Tendo em vista esses dados, convido a todos a imaginarem as seguintes situações: as mulheres pré-históricas eram nômades, caminhavam, subiam em árvores,  exercitavam-se o dia todo, usavam armas, tinham músculos como atletas. Não eram frágeis. Mesmo que gestantes, eram capazes de correr (já viram maratonistas grávidas?), coletar e fazer outras atividades. Eram capazes de se defender e defender seus territórios, sua comunidade. Muito provavelmente, se havia divisão sexual do trabalho em que o homem era caçador, as mulheres coletoras – ao carregarem sementes para as cavernas – perceberam que, ao cairem no solo, germinavam. Assim puderam desenvolver a agricultura, que implicou na sedentarização e desenvolvimento de cidades. Se as mulheres permaneciam nas cavernas, cuidando das crias, muito provavelmente foram elas que desenvolveram a linguagem para transmitir cultura.
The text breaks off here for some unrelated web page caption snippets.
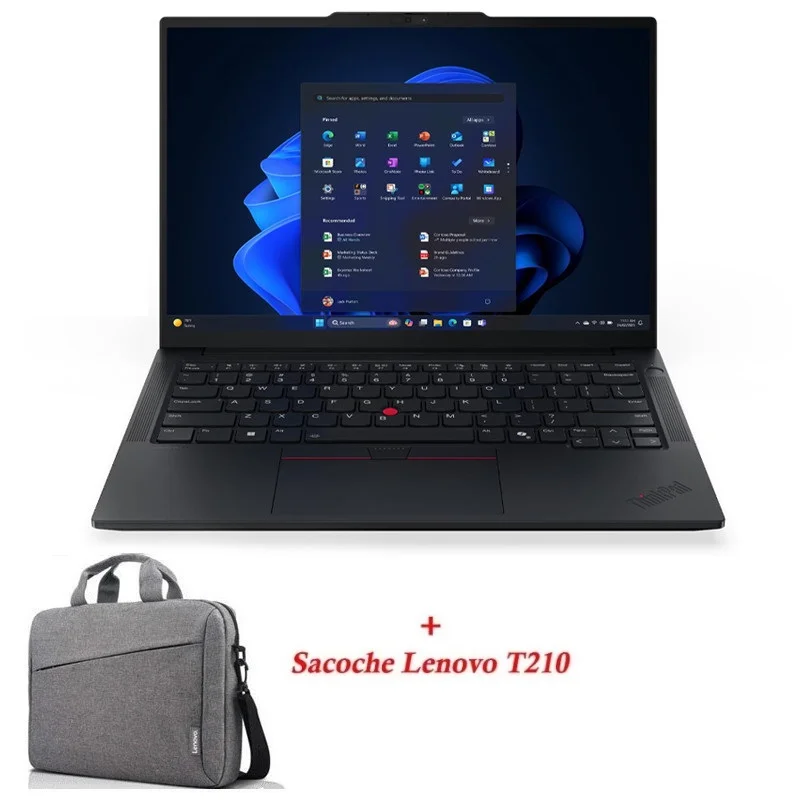 PC-Portable-LENOVO-ThinkPad-E16-Gen-3-Ultra-7-255H-16G-512Go-SSD-Noir-21SR0063FE-1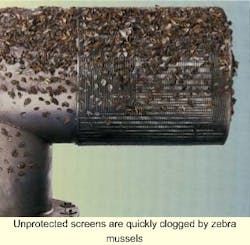 Th 1608ww122 Th 1608ww122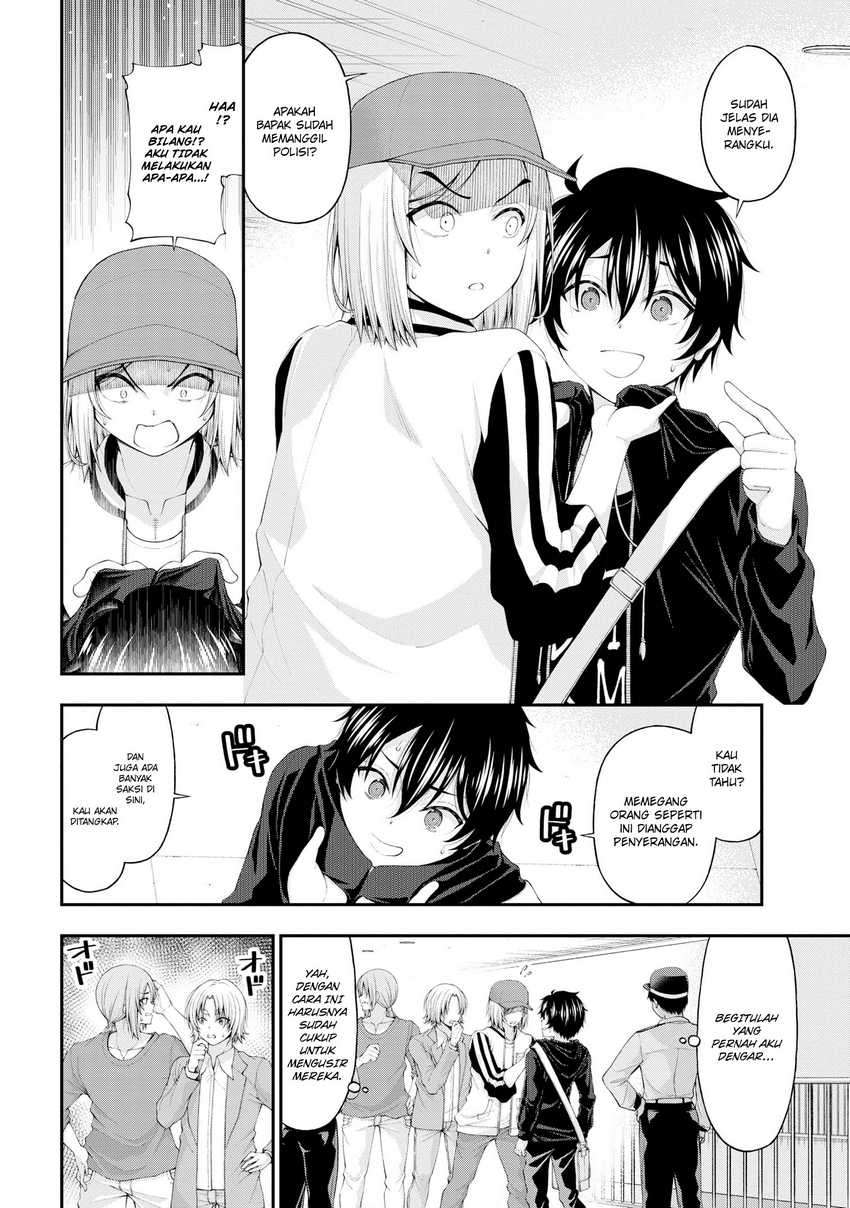 Chapter 9 - halaman 12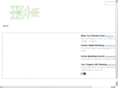 332music.com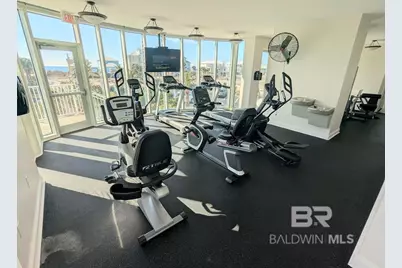 2000 West Beach Boulevard #1902, Gulf Shores, AL 36542 - Photo 47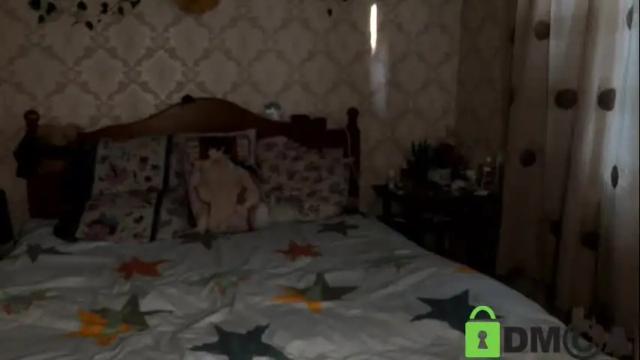 Image 2 of llevella Stream on Chaturbate on 3 months ago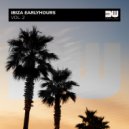 BeatGhosts feat. Ela Rose - You Own My Heart (Nikko Sunset Remix)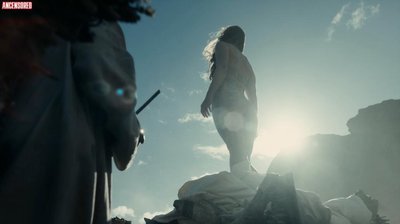 Ragga Ragnars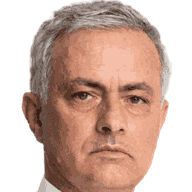 José Mourinho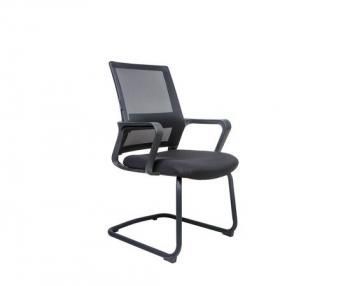 Кресло офисное Norden Бит CF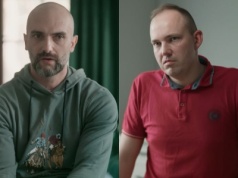 Pierwsza taka sytuacja w historii. Uczestnik 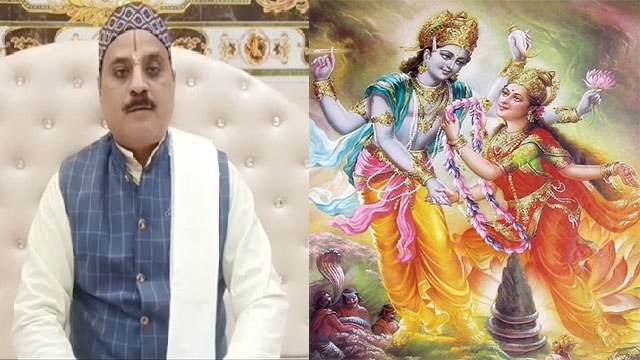 Kartik Maas Ki Katha | Kartik Maas Katha Adhyay 30 | कार्तिक मास अध्याय 30 | Boldsky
Se as mulheres desenvolveram a agricultura enquanto os homens caçavam, muito provavelmente desenvolveram ferramentas agrícolas – enxadas, arados, cestos. Com o excedente de comida produzido pelas agricultoras, foi possível domesticar animais. Se não havia divisão sexual do trabalho, então homens e mulheres caçaram, coletaram, desenvolveram armas e tecnologias.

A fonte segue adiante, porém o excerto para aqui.